何がどうしてそうなったのか俺には分からないし分かるはずもない。
そんな事現実にありえる訳ないと頭は言っているが、ルーカス・セレスティンの俺が今更そんな事を言うのもナンセンスな話だろう。
下村茂とルーカスの頭にある情報と今のアミール王子の話を総合して、今までの常識やら何やらを全て無視してぶっ飛んだ解釈をすると、リゲルブルクのラインハルト国王陛下は、穂波さんの昔の男でアキラ達の父親だ。
―――あの夜、
『……あの人に、この子達の父親に、会いたい』
九十九里浜のキャンプ場で、薄暗いテントの中で泣き笑いしていた穂波さんの顔を思い出す。
『……会いに行けないの?』
『行けないの、とっても遠い所にいるから』
そりゃそうだろう。
彼女がどんなに会いたいと思っても、その相手が異世界にいるのならそう簡単に会いに行ける訳がない。
何故穂波さんが聖女に選ばれてこちら世界に召喚されたのかは流石に俺の知る由もないが、この王子様がこう言うのだ。恐らく穂波さんは本当に聖女様として彼の母親に召喚され、闇の森の進行を止め、現実世界に帰って来たのんだろう。――…お腹にアキラ達を宿して。

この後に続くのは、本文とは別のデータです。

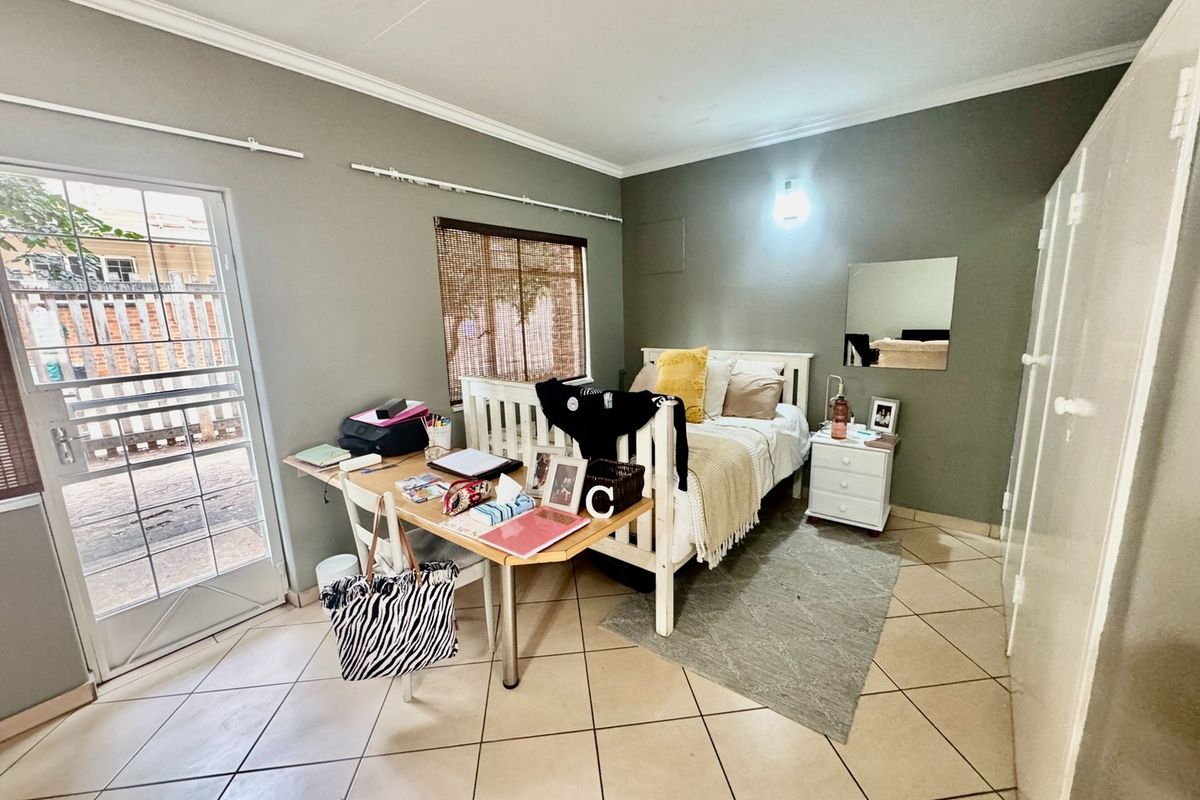 A bedroom featuring tiled flooring, built-in wardrobe storage, and direct access to an outdoor area through a secure sliding door.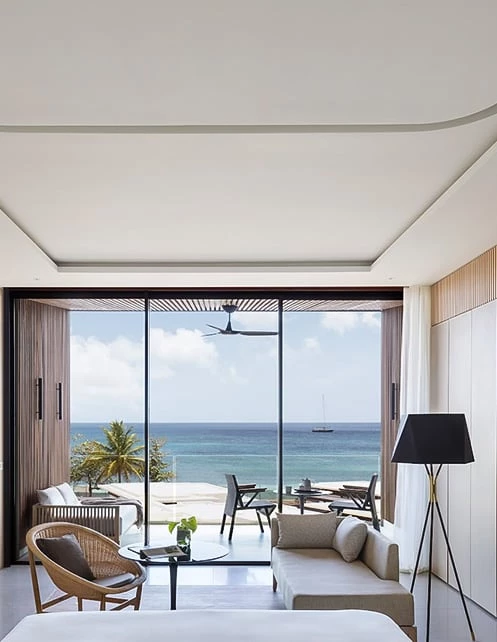 a living room with a view of the ocean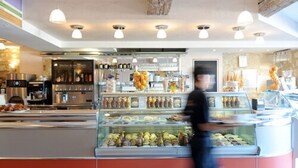 Un comptoir de boulangerie où sont exposés divers produits de boulangerie, et une personne qui passe.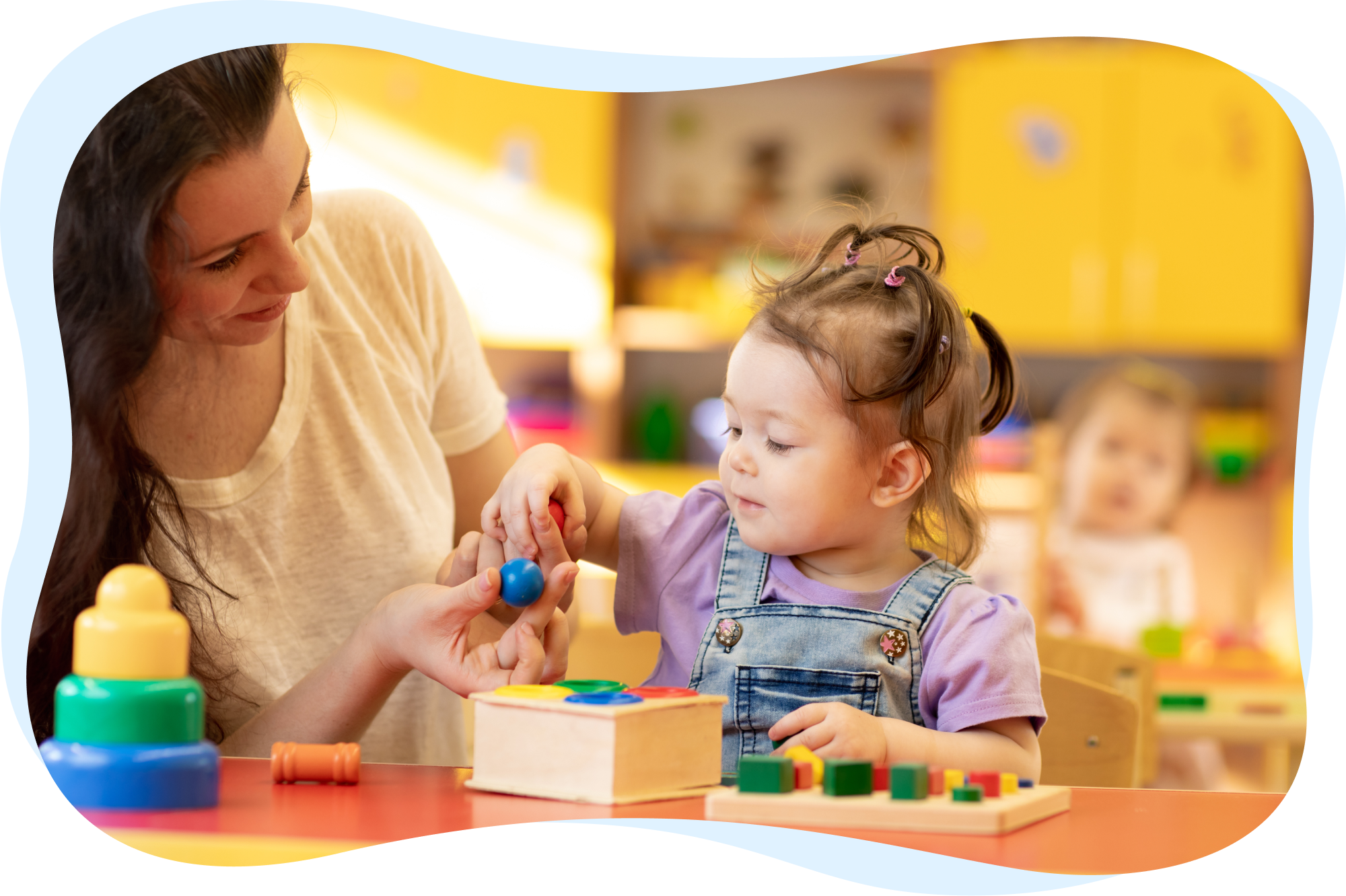 A teacher assisting a young girl with a wooden puzzle at a table.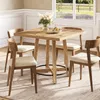 A dining set with a wooden table and four chairs in a room with a window overlooking a field. Podgląd zdjęcia produktu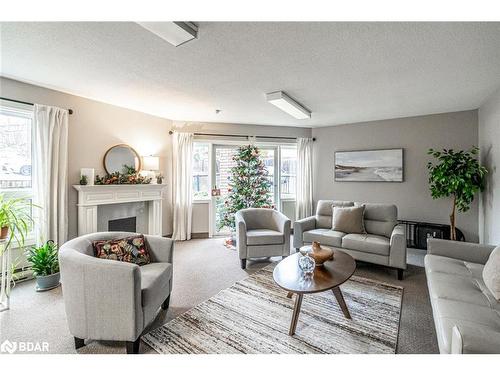 303-131 Clapperton Street, Barrie, ON - Indoor Photo Showing Living Room With Fireplace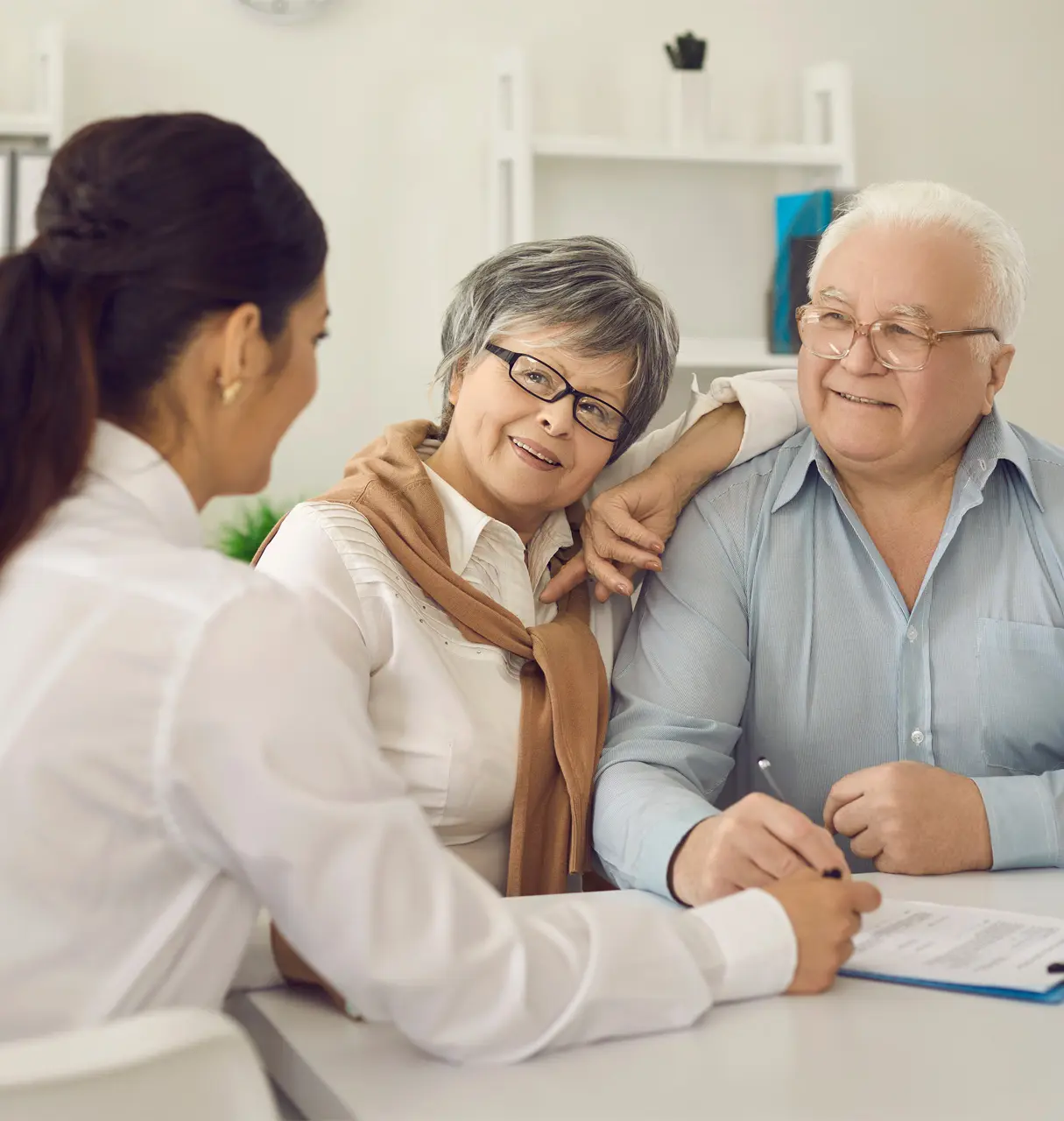 An older couple sitting a table talking to a doctor.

穂波さんが陛下の事を忘れられなかった様に、陛下も現実世界に帰った彼女の事を忘れられなかった。
これはルーカスの方の知識になるが、陛下はベルナデット様のと結婚前、一度彼女に婚約破棄を言い渡した事があるらしい。
大国の王女が子爵家令息に婚約破棄を言い渡されたと言う醜聞は、社交界を問わず民草の間にまで面白おかしく伝わった。

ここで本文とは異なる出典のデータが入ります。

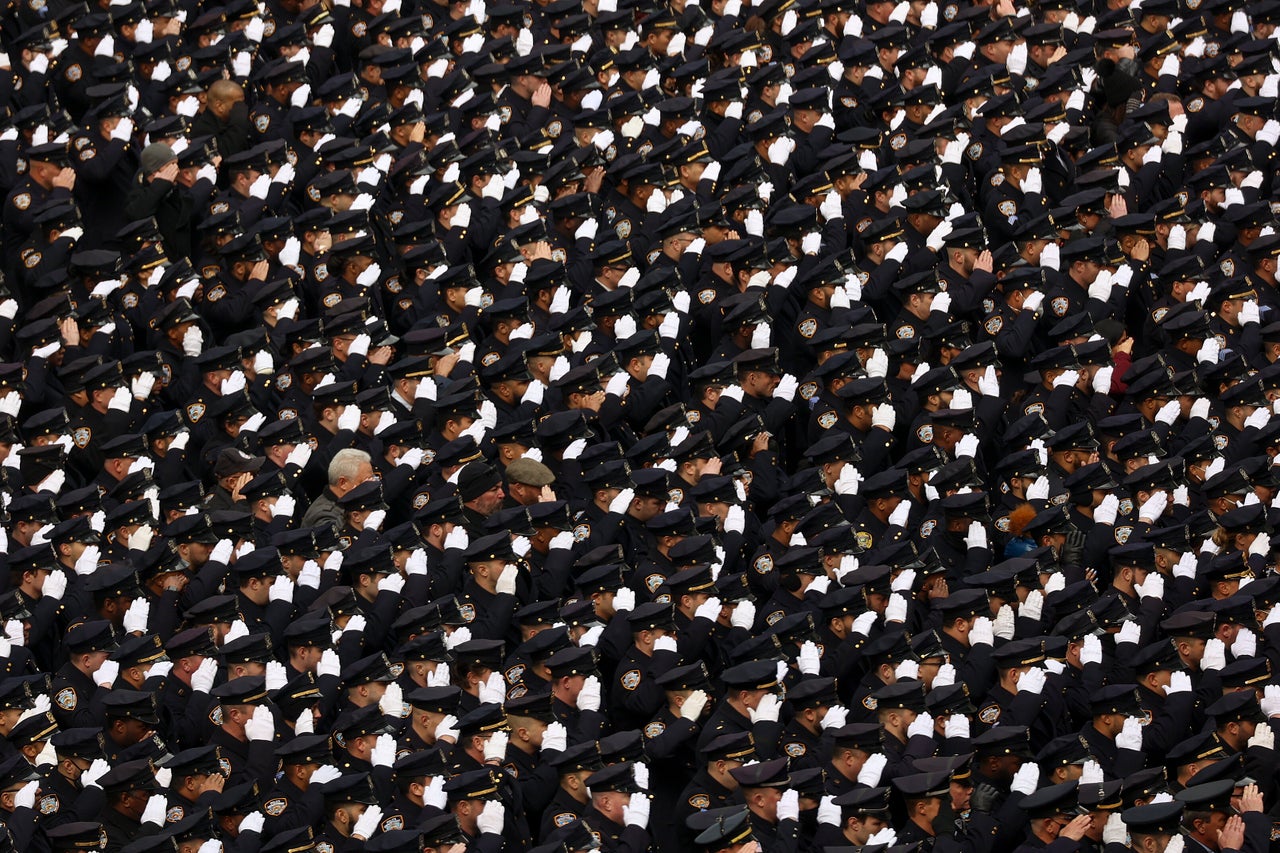 New York Police officers salute outside St. Patrick's Cathedral after a funeral service for Officer Wilbert Mora on Wednesday. For the second time in less than a week, police converged on the cathedral to pay tribute to a young officer gunned down while answering a call for help. Mora was shot along with Officer Jason Rivera on Jan. 22 while responding to a call about a domestic argument in a Harlem apartment.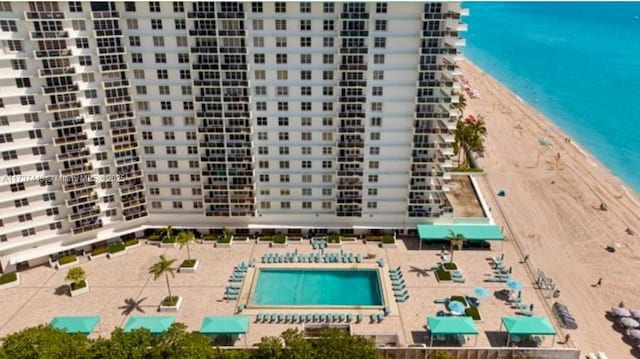 aerial view featuring a water view and a beach view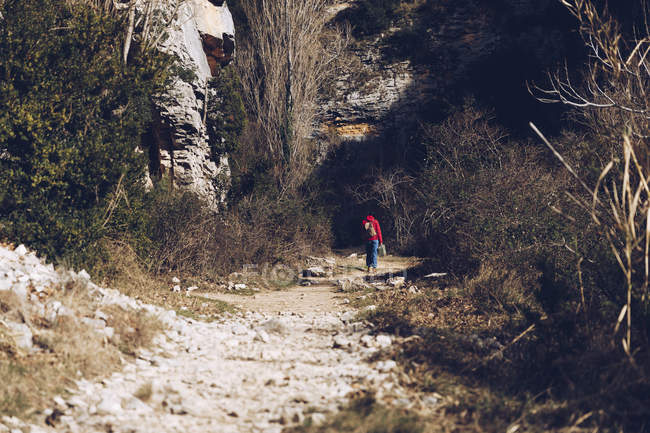 Жінка з рюкзаком і футляр, що йде по скелястій дорозі у величні дикі скелі — стокове фото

恐らくその頃だ。その頃穂波さんがこちらに来て彼と恋仲になったのだろう。
その後穂波さんは元の世界に帰り、陛下はベルナデット様と元鞘に収まって結婚した。
噂を聞くに、元々ベルナデット様は陛下にお熱だったらしい。
そして彼女の父親である国王陛下も、一度婚約破棄をされたからと言って彼の事を諦めきれなかった。 元々学者志望だったラインハルト様は、不幸か幸いかそれ程までに優秀な男だったらしい。
王家からの強い後押しが続き、婚約破棄からしばらくした後、彼はベルナデット様と結婚した。
―――しかし、結婚して子宝に恵まれても彼は穂波さんの事を忘れられなかった。
そんな夫に苦心してこの王子様の母親は自害した。
「あはははははは!まさか息子だとは思わなかったよ、聖女ホナミの息子か、これは面白い!」
まるで森で間違って採って来た笑い茸を食べてしまった人ように笑い出したアミール王子を、俺達はただ茫然と見つめる事しか出来ない。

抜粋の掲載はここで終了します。